-------- Input records --------

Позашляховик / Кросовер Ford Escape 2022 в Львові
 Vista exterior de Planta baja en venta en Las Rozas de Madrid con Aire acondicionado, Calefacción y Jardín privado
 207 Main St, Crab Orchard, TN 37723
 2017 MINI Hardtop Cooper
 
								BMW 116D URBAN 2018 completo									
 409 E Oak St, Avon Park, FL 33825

--------

→ **Assignment**: Nothing but the lines from the one that contains "Vista exterior de" to the end of the listing should be given again, each exactly as it appears.

→ **Answer**:
 Vista exterior de Planta baja en venta en Las Rozas de Madrid con Aire acondicionado, Calefacción y Jardín privado
 207 Main St, Crab Orchard, TN 37723
 2017 MINI Hardtop Cooper
 
								BMW 116D URBAN 2018 completo									
 409 E Oak St, Avon Park, FL 33825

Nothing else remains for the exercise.